This post doesn’t attempt to recap the entire report. Instead, here I want to address my humanities colleagues who might be uncertain why a report about something called optical character recognition should matter to them. In my 2017 Book History article, “‘Q i-jtb the Raven’: Taking Dirty OCR Seriously” I argued that OCR constitutes an important intellectual subject for book historians, but here I make a more direct and practical argument that humanities scholars should be aware of and even participate in current research aimed at improving OCR algorithms. As we articulate in the report, the expertise of humanities scholars is desperately needed, in collaboration with computer scientists, if we want make substantive progress improving OCR for the kinds of materials we most care about. Below, I answer a series of questions I hope will explain (in non-technical language) what OCR is, why it should matter to humanists, and what we might contribute to its future.

What is OCR?

When someone scans a page from a book, newspaper, or other textual source, the computer does not initially recognize that the image includes text. The scan is essentially a picture of the page: an image file such as those created when you take a snapshot on your phone’s camera. A human looking at that picture would see readable text in the image, but would not be able to use their computer’s search functions to find those same words. A researcher hoping to do more complex forms of data mining would be out of luck, at least if they hoped to do something with the text of the page—count word frequencies, build a topic model, &c. &c.—as opposed to its visual elements.

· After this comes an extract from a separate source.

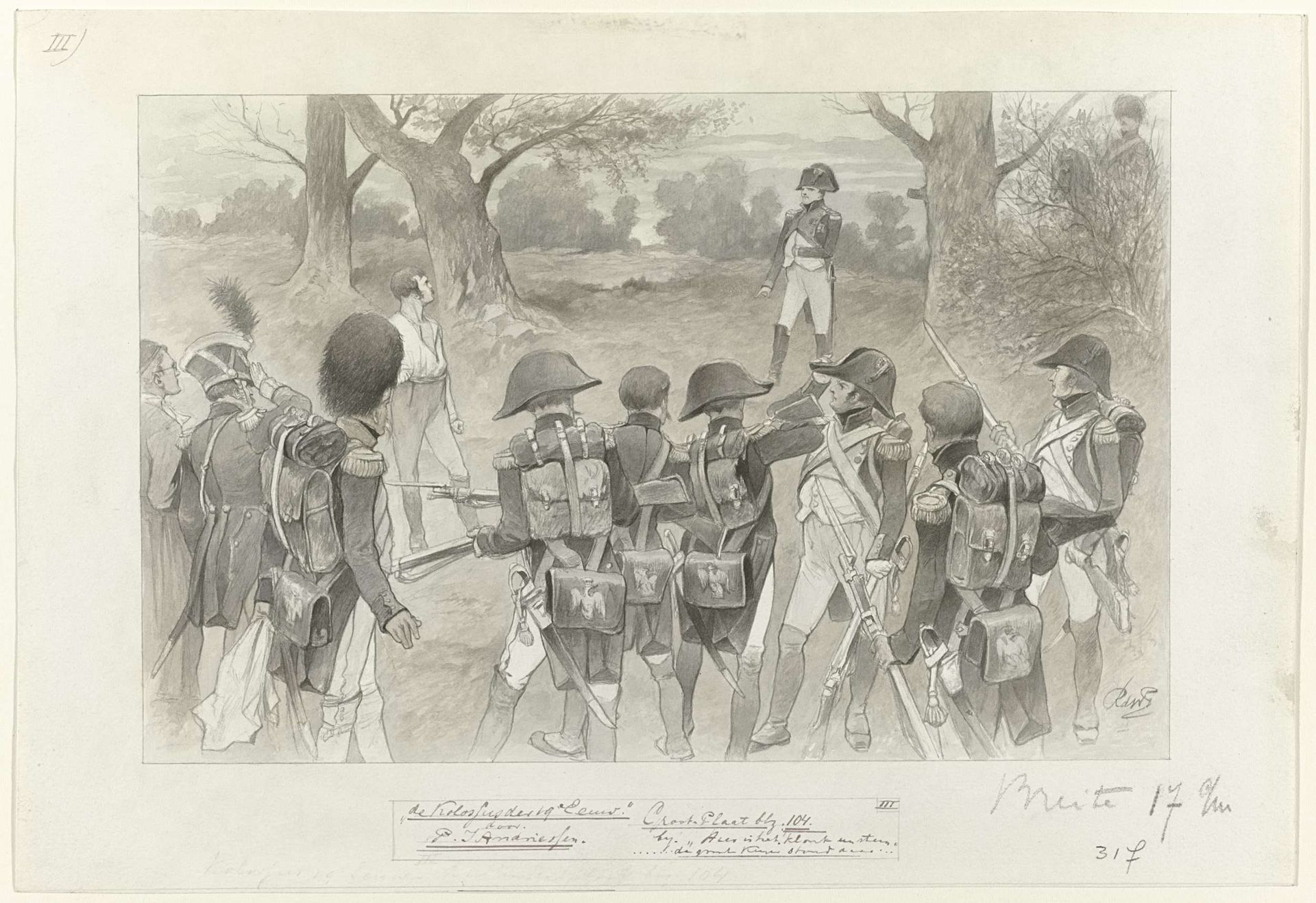 Ontwerp voor illustratie voor De Kolossus der Negentiende Eeuw door P.J. Andriessen (Groot Plaat, blz. 104); scène uit het leven van Napoleon by George Lodewijk de Wetstein Pfister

Optical character recognition (OCR) software is a type of artificial intelligence software designed to mimic the functions of the human eye and brain and discern which marks within an image represent letterforms or other markers of written language. OCR scans an image for semantically-meaningful material and transcribes what language it finds into text data. Typically OCR is used in situations where manual transcription would be too costly or time consuming—a subjective designation to be sure—such as when a large corpus has been scanned. Relative to manual transcription, OCR is a quick and affordable means for creating computable text data from a large collection of images.

Who Uses OCR?

You, probably, perhaps without realizing. If you ever search in a large-scale digital archive such as Google Books, HathiTrust, EEBO, ECCO, or a historical newspaper archive such as Chronicling America, then your searches are operating on OCR-derived text data. That text data is often hidden in various ways by the interfaces of digital archives (a practice I question strongly here), but nonetheless if you use these kinds of archives—as I would argue most humanities scholars do, at least occasionally—then you rely on the output of OCR algorithms. In other words, OCR is a fundamental element of our digital research infrastructure that’s also easily overlooked because we tend to focus on the images of historical pages rather than the underlying text data that helped us find them. There are many historical texts that have been hand-transcribed and encoded through a standard such as TEI, such as digital editions like those of the Women Writers Project, but a substantial percentage—in fact a large majority, by sheer numbers of pages—of digitized humanities texts are constituted through OCR. In other words, even if you’ve never heard of OCR it may nonetheless be important or even essential to your research and teaching.

Isn’t That a Good Thing?

Mostly, yes, I would argue. OCR has enabled a proliferation of research across media that were previously much trickier to delve into. The use of historical newspapers, to cite an example close to my heart, has exploded in scholarship of the past two decades, largely due to the kinds of access enabled by searchable text data, which can make vast collections navigable, tractable. The access provided by search is not an unmitigated good (see Ian Milligan’s article “Illusionary Order” for a good primer on its potential dangers) but it is, to my mind, an overall good.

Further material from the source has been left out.